“Every writer needs something to stimulate their writing. Let Poets & Writers provide just the jolt you need with our weekly writing exercises in The Time Is Now.”
That’s the (grammatically challenged) come-on I received in this morning’s email from Poets & Writers, the market magazine for, well, poets and writers. Why, I wondered, does any talented person need a prompt? Isn’t such a person overflowing with ideas to create art from? Isn’t an artist defined by his or her ability to conceive a subject and then to execute it in the best form?
Think of the great poets and their subjects. Did Keats, for instance, need a prompt to write “Ode on a Grecian Urn,” other than to have seen such an urn at the British Museum? Though he was often desperately ill and died at 26 of tuberculosis, Keats was ever bursting with ideas for his art, as his letters indicate.
How about Yeats? Did he need a prompt for “The Second Coming,” other than to reflect deeply on the harrowing condition of his world? What would his prompt have been, “Write about the image of the Sphinx in the desert”?

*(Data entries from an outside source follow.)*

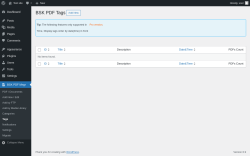 Page screenshot: BSK PDF Mngr → Tags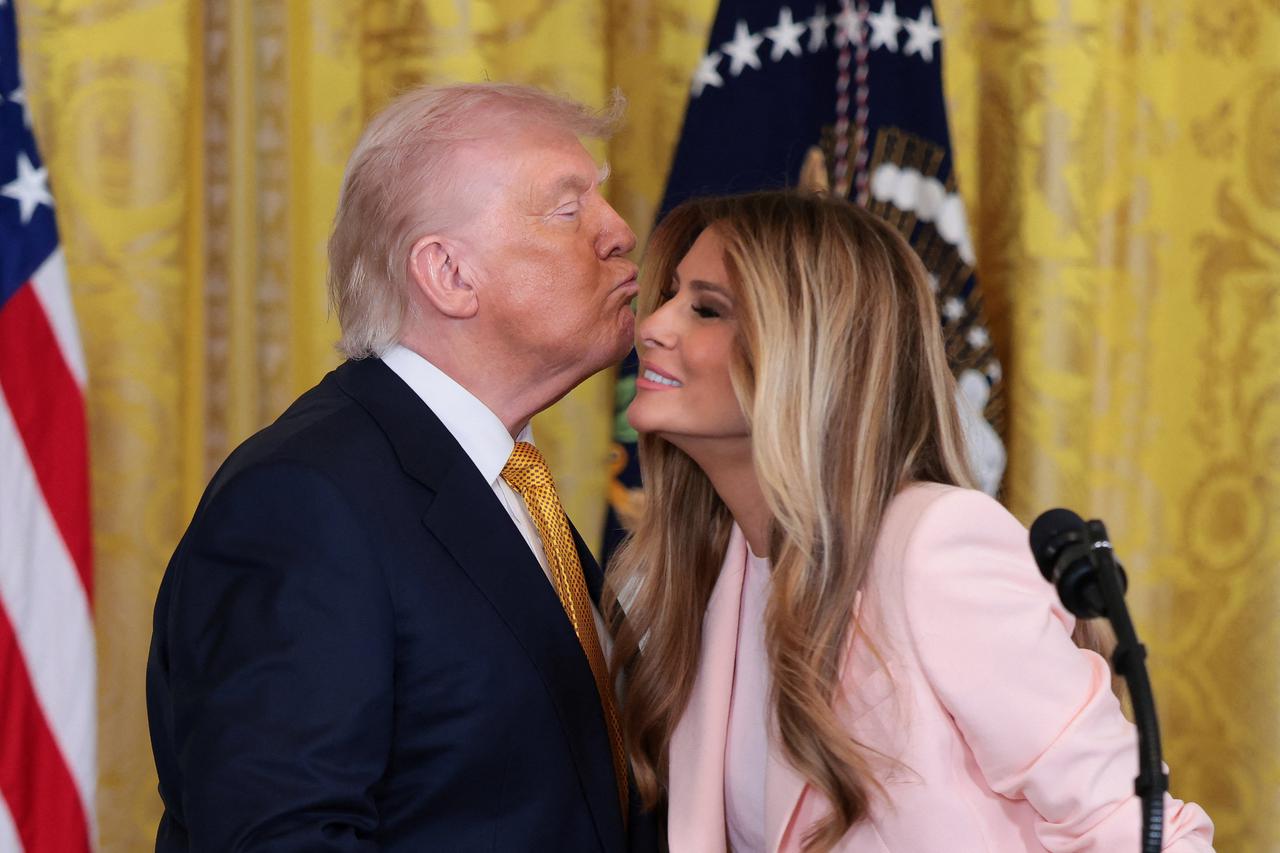 Melania Trump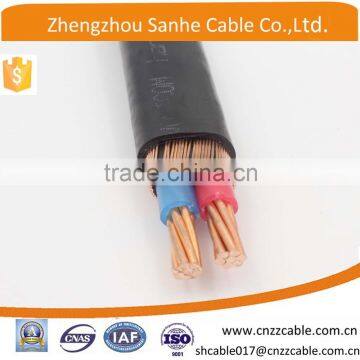 CABLE Concentrico 8000 Series AL 2*6+1*6 / Electrical Concentric Cable photo-2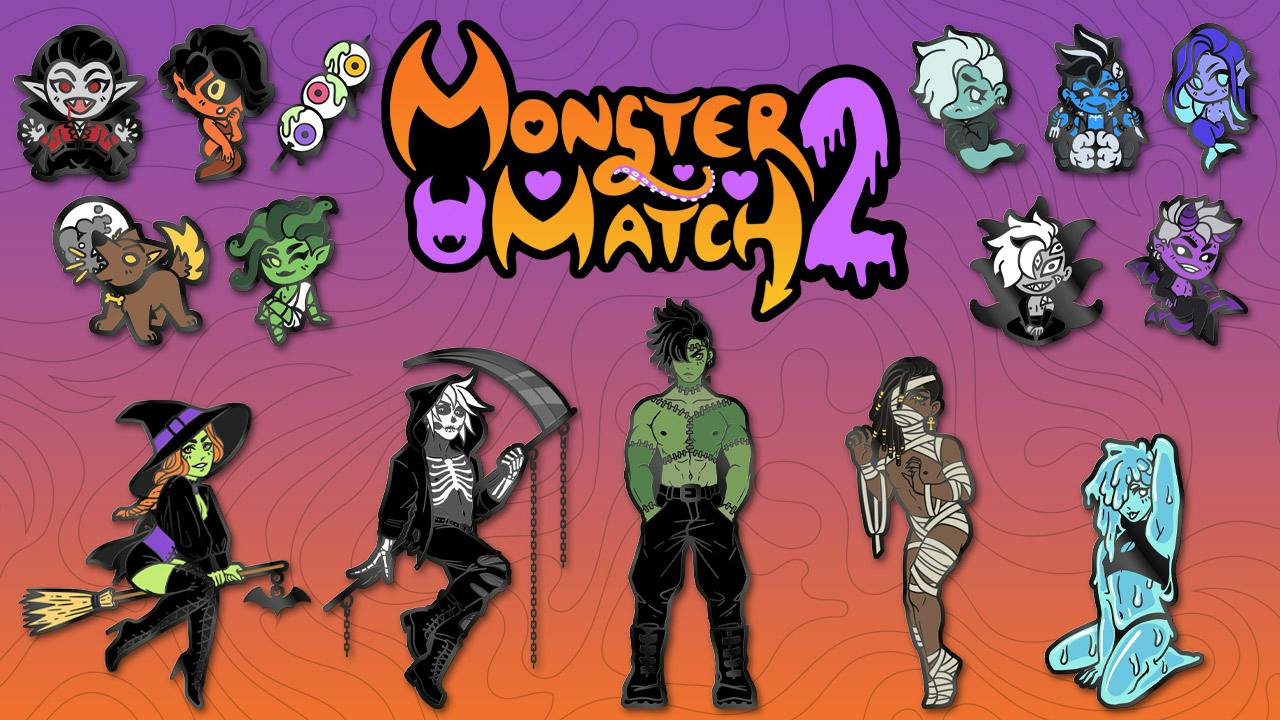 Monster Match 2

How about Emily Dickinson, who spent most of her life in her parents’ house, and who died at 55, leaving us about 1,789 poems as various and splendid as her dazzling imagination and her huge talent? She was prompted daily by watching her garden, listening to birdsong, overhearing conversations about religion, the Civil War, and the great ideas of her time, and by reading— always the writer’s most significant source of ideas. And what great poems she wrote from the prompts of her experience.
I am thus prompted to say that you are either a writer, with the resources and drive to create art without synthetic prompts, or you are not.